The Mobile Wave: How Mobile Intelligence Will Change Everything
- 1st edition cover
- Author: Michael J. Saylor
- Language: English
- Subject: Mobile technology, business intelligence
- Genre: Non-fiction; technology;
- Publisher: Perseus Books/Vanguard Press
- Publication date: 26 June 2012
- Publication place: United States
- Media type: Print (Hardcover)
- Pages: 291 (1st edition)
- ISBN: 978-1-59315-720-3 1st edition
- OCLC: 813011103
- Dewey Decimal: 004.16
- LC Class: QA76.59 .S39 2012

= The Mobile Wave =

2012 technology book by Michael J. Saylor

The Mobile Wave: How Mobile Intelligence Will Change Everything is a 2012 nonfiction book by Michael J. Saylor, founder, chairman, and CEO of MicroStrategy, Inc. The Mobile Wave provides an analysis of then-current trends in mobile technology from the point of view of a scholar of the history of science. The book argues that mobile devices will become essential tools for life in the modern day, changing how businesses operate and how industries and economies are powered.

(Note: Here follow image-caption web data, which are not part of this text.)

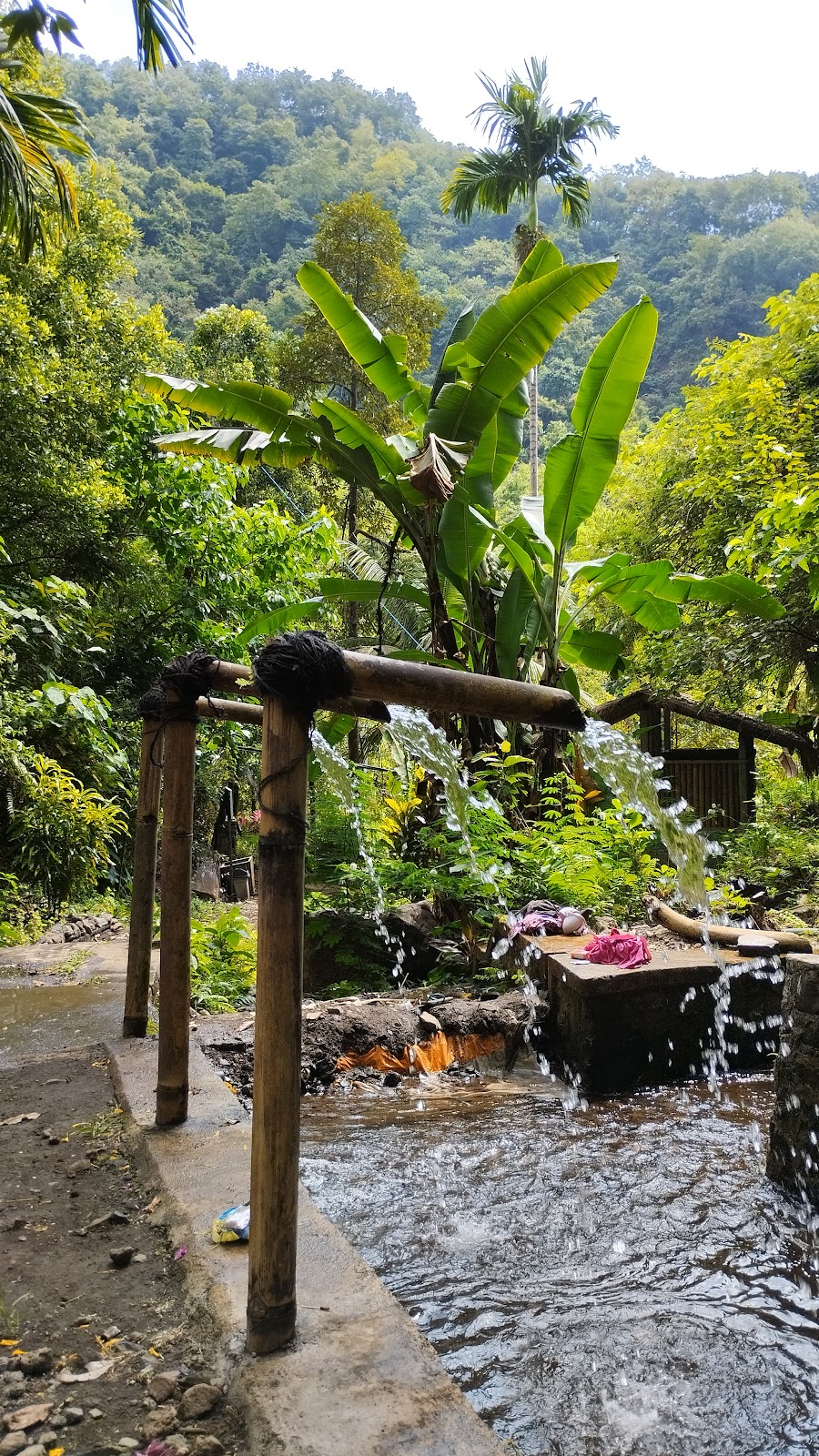 Водопад Air Terjun Yeh Mampeh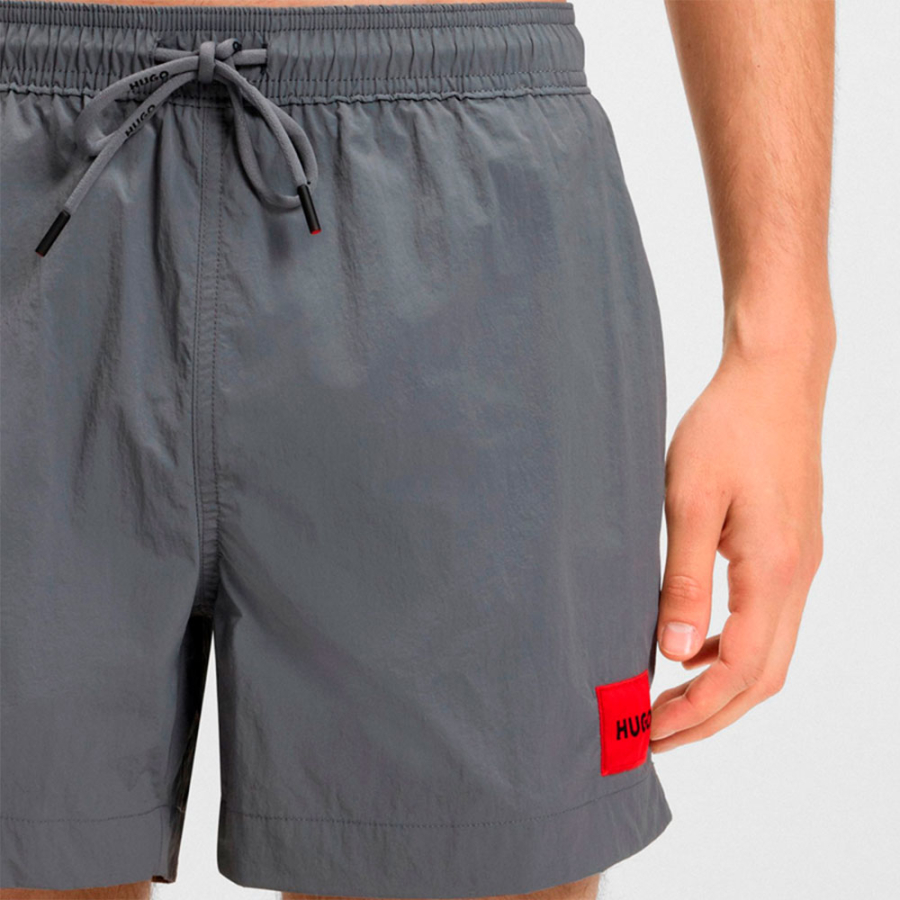 banador-tipo-shorts-con-forro-integral-y-etiqueta-con-logo-roja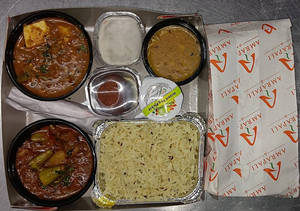 Vegetable Deluxe Thali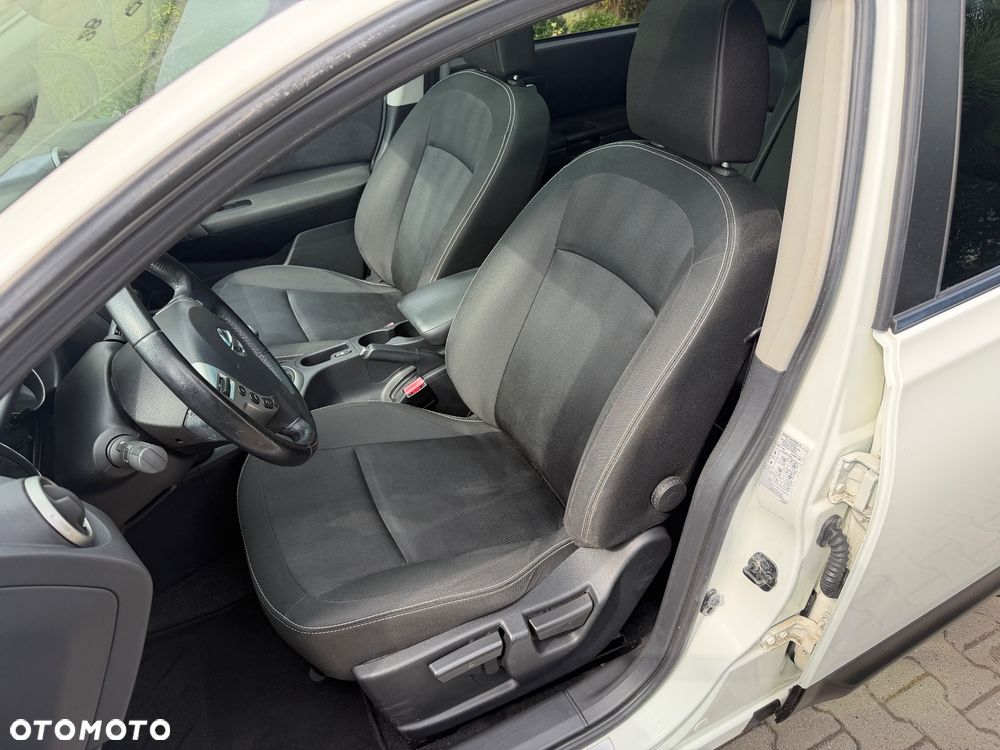 Nissan Qashqai+2 2.0 I-Way - 23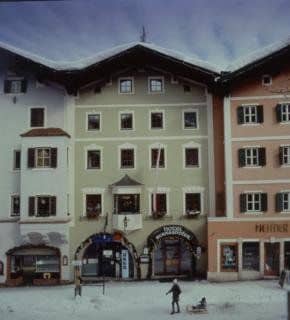 Strasshofer Strasshofer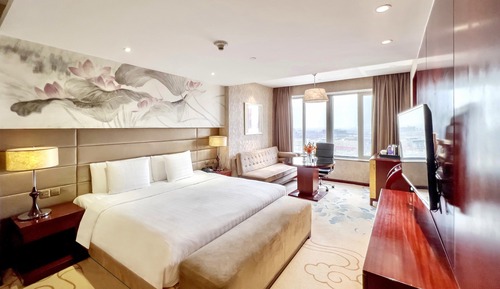 Premium Room, 1 King Bed, Club Lounge Access (Lounge Access)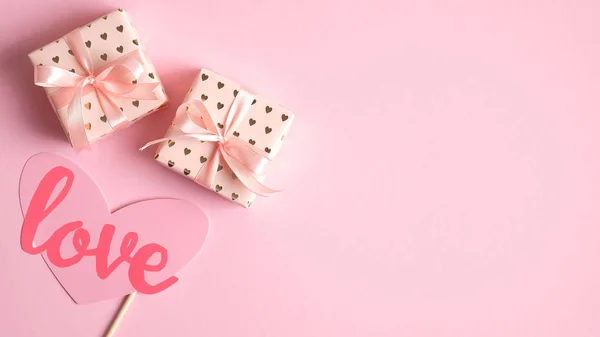 Valentijnsdag spandoek sjabloon. Cadeaus en Valentijnsdag decoratie op roze achtergrond met kopieerruimte. Creatief ontwerp voor feestuitnodiging, wenskaart. Liefde en romantiek. — Stockfoto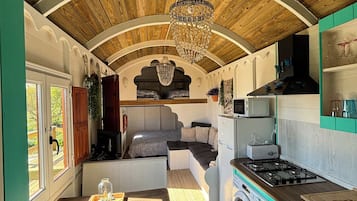 Microwave, oven, dishwasher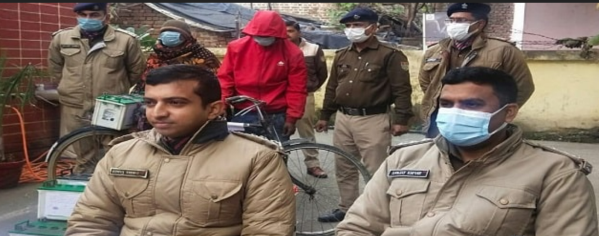 सोलर बैटरी के चोर पुलिस की गिरफ्त में, मुकदमा दर्ज कर जेल भेजने की तैयारी 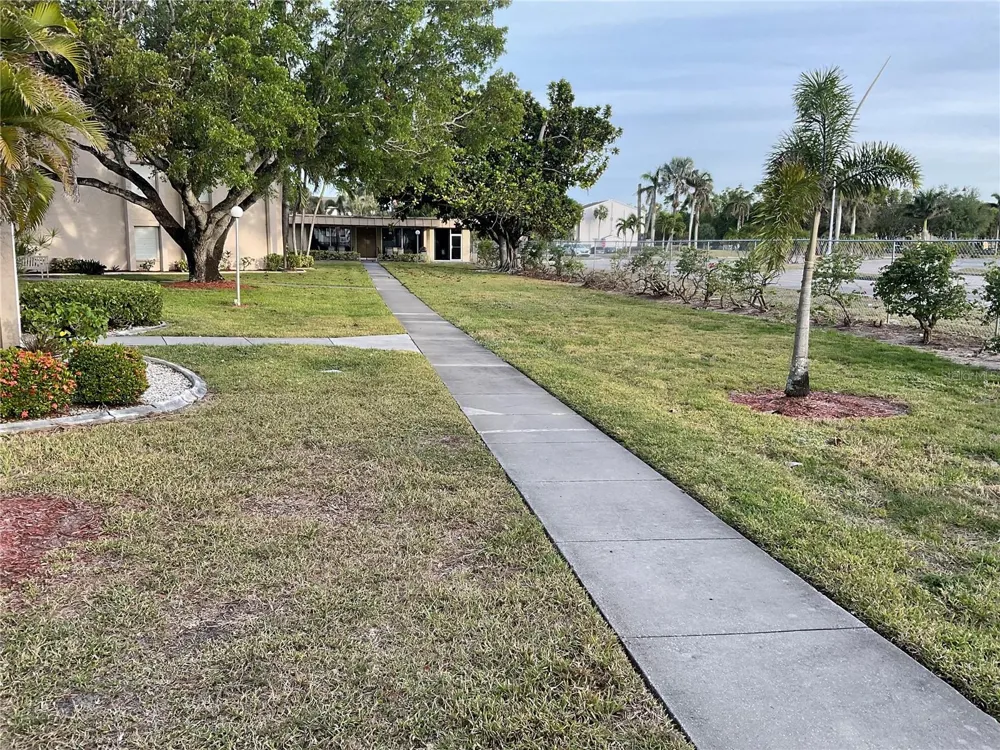 2244 WINKLER AVENUE #301 Fort Myers, FL 33901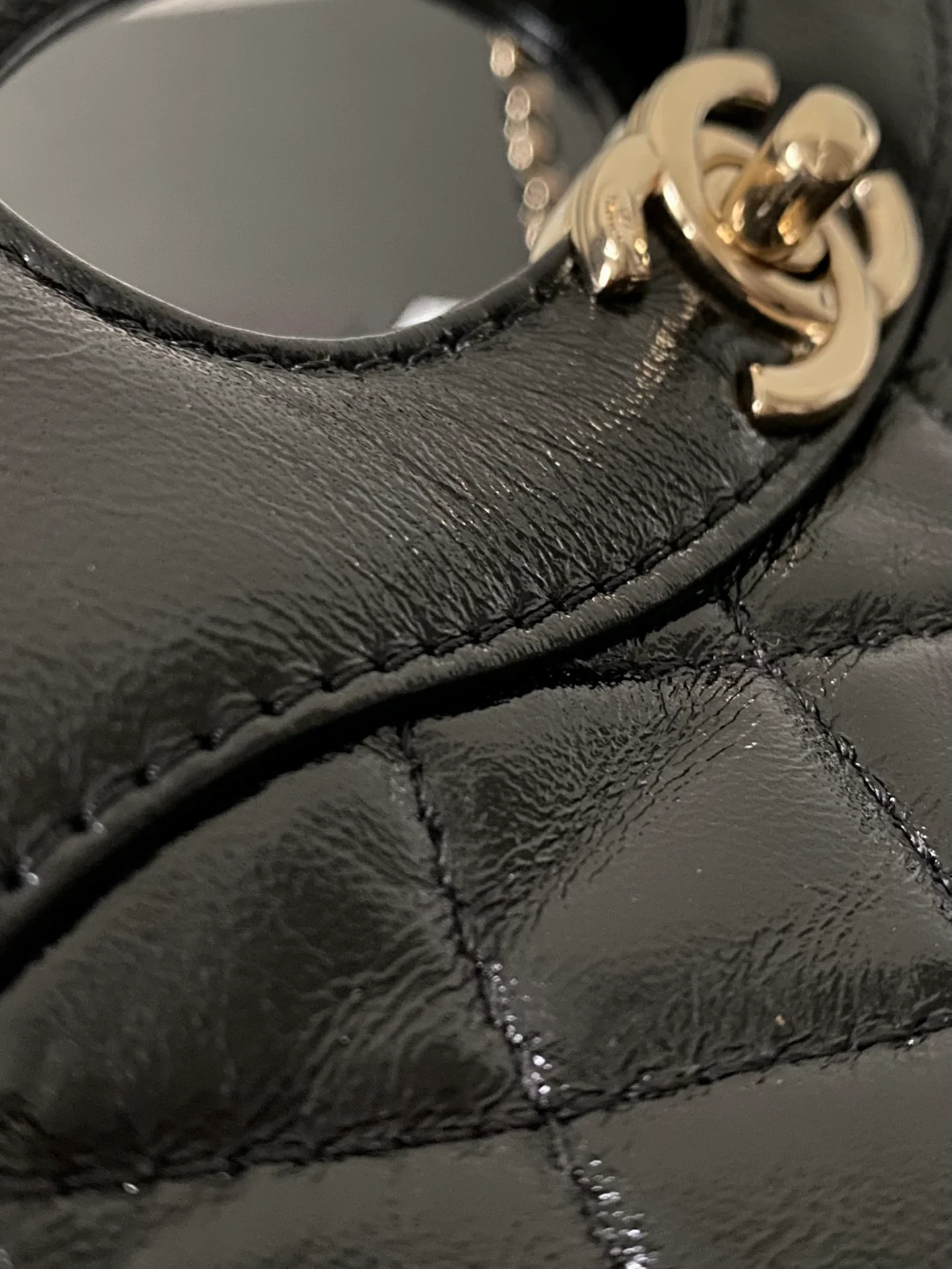 Мини-сумка Chanel 24s Mini 31, из вощеной овечьей кожи, черная.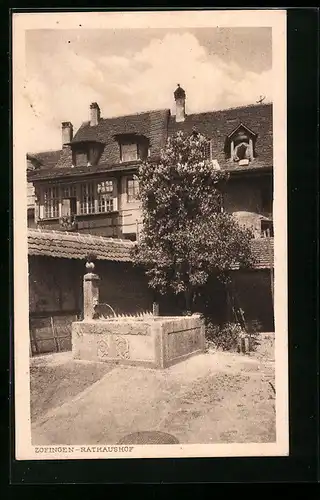 AK Zofingen, Rathaushof mit Brunnen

Saylor appeared on CNN to discuss ideas presented in his book.

==Synopsis==
Chapter 1 – "The Wave: The Shape of the Wave": Introduces the main themes of the book, including the nature of mobile devices, and how mobile technology will continue to effect industries. This chapter also introduces the claim that an ongoing Information Revolution is the third great revolution to transform society, after the Agricultural and Industrial Revolutions.

Chapter 2 – "Computers: The Evolution to Mobile Computing": Discusses the four historical waves in the history of computing, leading to the a fifth "mobile wave".

Chapter 3 – "Paper: The Demise of Paper": A short history of media delivery systems, ranging from the first clay tablets around 3000 B.C., up to electronic publishing.

Chapter 4 – "Entertainment: The New Universal Screen": How mobile technology has been adapted to display movies, TV programming and video games. The role of advertising is also discussed.

Chapter 5 – "Wallet: A Smarter Wallet and Intelligent Money": A short history of money, payment systems, and banking as they relate to the mobile wave.

Chapter 6 – "Social Networks: A Mobile Social World": How evolving mobile/social applications are changing society and current events.

Chapter 7 – "Medicine: The New Landscape of Global Healthcare": The impact of mobile technology on the medical industry, such as via telemedicine.

Chapter 8 – "Education: Remaking Education for Everyone": How mobile technology has changed the education system.

Chapter 9 – "Developing World: Bootstrapping the Developing World": Discusses purported benefits of mobile technology in developing countries.

Chapter 10 – "New World: Human Energy Unleashed": Reiterates the effects of mobile technology on business and society.

==Reception==
The Mobile Wave was ranked #5 on The Wall Street Journal bestseller list on July 15, 2012 in the Hardcover Business category.
It debuted on The New York Times Best Seller list at position #31 in Hardcover Nonfiction the week of July 23, 2012, and ranked in position #5 in Hardcover Business in August 2012.

In USA Today, reviewer Jeanne Destro writes,

"The MIT-educated Saylor exhibits a deep knowledge of the mobile world, and gives readers a peek free of boring geek-speak. Readers will be able understand and appreciate his clear and engaging exploration of a complex, red-hot, and thoroughly up-to-the minute topic."

The Washingtonian review of the book cited Saylor's vision for the future:

"In The Mobile Wave his vision is clear—we face a future in which paper, devices such as phones, credit cards and cash, entertainment venues, doctor’s office visits, and even the classroom will be obsolete, or nearly so."